» **WHAT IS NEEDED**:
The response should consist only of the lines from the one with "Degu die haar eten op het bed gooit" to the end of the data below, copied exactly and without pictures.

» **RECORDED INFORMATION**:
-*-*-

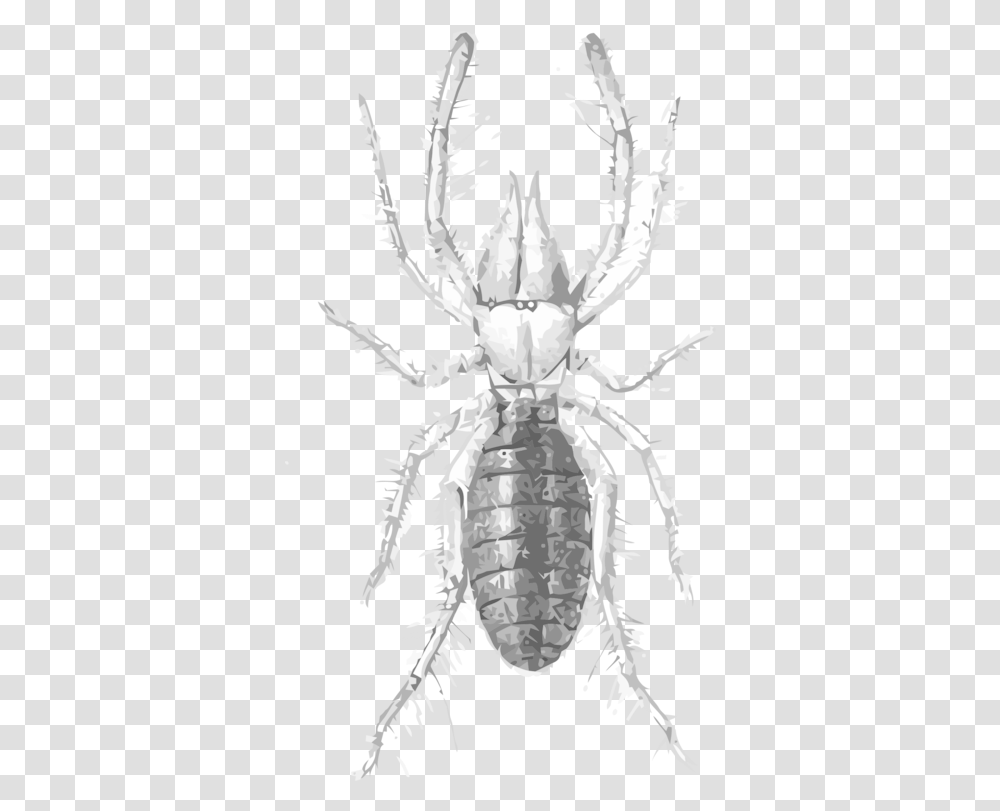 Line Artdecapodamonochrome Photography Clipart Eremobates Aztecus, Animal, Insect, Invertebrate, Flea Transparent Png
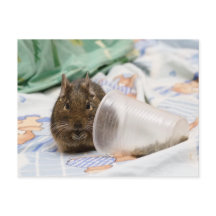 Degu die haar eten op het bed gooit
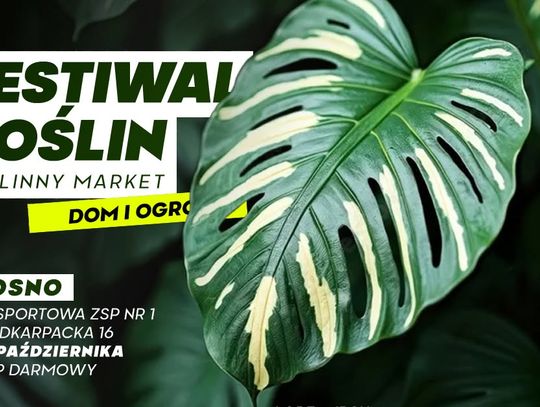 Plakat Festiwalu Roślin w Krośnie z dużym liściem monstery na ciemnym tle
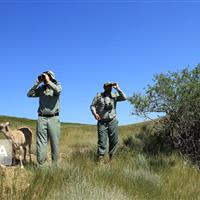 ۴۱ محیط‌بان برای ۲۰۰ هزار هکتار؛ آیا حفاظت از طبیعت خراسان‌شمالی کافی است؟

-*-*-

» **RESULT OF THE EXERCISE**:
 Degu die haar eten op het bed gooit
 Plakat Festiwalu Roślin w Krośnie z dużym liściem monstery na ciemnym tle
 ۴۱ محیط‌بان برای ۲۰۰ هزار هکتار؛ آیا حفاظت از طبیعت خراسان‌شمالی کافی است؟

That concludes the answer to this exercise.